La experiencia en algunos aspectos fue algo similar a la que vivimos, guardando las proporciones, toda vez que ocurrió hace más de un siglo. Pandemia que recorrió el mundo en oleadas durante el XIX. Nos alcanzó la de 1881, iniciada en India y, como otras, de planetaria expansión. Arribó a Argentina en marzo de 1886 y pasados diez meses debutaba en Chile el primer caso, fue en la villa Santa María (San Felipe), próxima a un conocido paso cordillerano. De nada sirvieron los controles sanitarios, diseminándose veloz por Aconcagua, Santiago, Valparaíso y continuando hacia el sur. Fueron dos períodos (enero y abril de 1887, y octubre y abril de 1888), el primero más explosivo. Solo en Santiago los fallecidos ascendieron a 3.481 y 1.780, cifras del informe médico oficial, respectivamente, pero hubo más muertes que no quedaron consignadas. En invierno se mantuvo latente, con brotes acotados.

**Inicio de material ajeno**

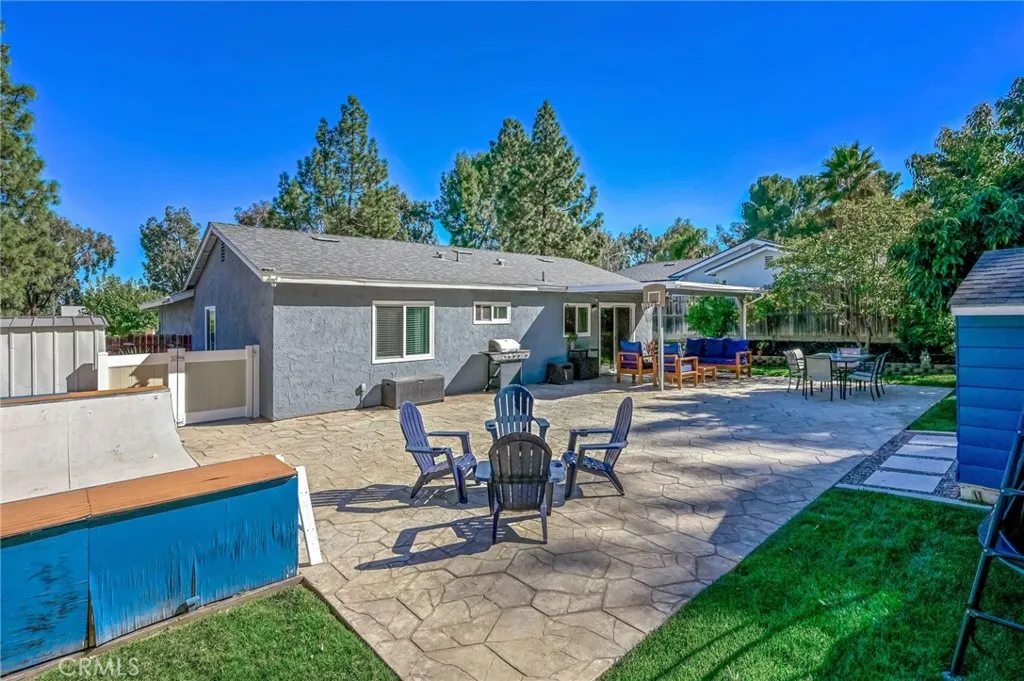 1546 Tilson Circle, Corona, California 92882 home-pic-28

La bacteria Vibrión cholerae se transmitió por flujos humanos, su reservorio natural, y las aguas infectadas con deyecciones contagiadas. El enfermo sentía rápidamente dolores de estómago, brazos y piernas, vómitos y diarreas que se hacían acuosas, profusas e intensas, provocando deshidratación y, de no ser tratado, sobrevenían el desmayo y la muerte en horas.

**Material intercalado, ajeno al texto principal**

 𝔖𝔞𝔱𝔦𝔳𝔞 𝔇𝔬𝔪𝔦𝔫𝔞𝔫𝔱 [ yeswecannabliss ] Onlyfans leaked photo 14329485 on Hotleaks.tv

La mayoría de las víctimas fueron de sectores vulnerables, los menos favorecidos por la infraestructura sanitaria e higiene pública, personas que realizaban oficios manuales: más hombres que mujeres, de entre 30 y 60 años la mayor parte. Una prueba es que la epidemia no ingresó prácticamente al centro de Santiago. La ciudad en esos años —de próspera y dinámica actividad, y reluciente vida, aparentemente— atraía migrantes de provincias esperanzados en conseguir mejor existencia, los cuales se asentaron en los arrabales
No tuvo efecto en términos demográficos y productivos; el país gozaba de buena salud, gracias a las rentas del salitre. Tampoco su mortalidad causó espanto, porque era un hecho corriente: nótese que la epidemia de viruela de 1886 dejó 7.400 fallecidos a nivel nacional, 4.000 en Santiago. El mayor impacto fue psicológico, por el ambiente de incertidumbre y angustia: un flagelo desconocido, fulminante, carretones trasladando enfermos o muertos camino al lazareto o al cementerio habilitado, hubo cadáveres en casas y calles (labios azules, cara enfermiza, ojos hundidos, brazos contraídos). A su vez, curar a los pacientes sin medios y medicamentos eficaces fue una odisea para autoridades y cuerpo médico.

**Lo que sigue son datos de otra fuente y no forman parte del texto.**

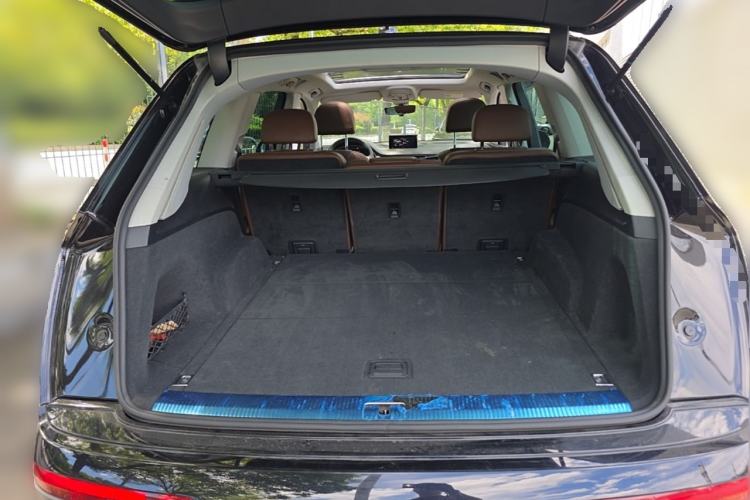 Used Audi Q7 2018 45 TFSI Technology Edition Trunk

La epidemia evidenció que el país carecía de una institucionalidad sanitaria. Se nombró una Comisión de Higiene Pública, que diseñó una legislación sobre salubridad e instauró una completa normativa para combatirla en todos los frentes. Desde entonces, la salud nacional tomó mayor relevancia. No es casual que entre el plan de obras del Presidente José Manuel Balmaceda se considerara la construcción de hospitales, que después se crearan el Consejo Superior de Higiene Pública y el Instituto de Higiene, y comenzara a delinearse el primer Código Sanitario.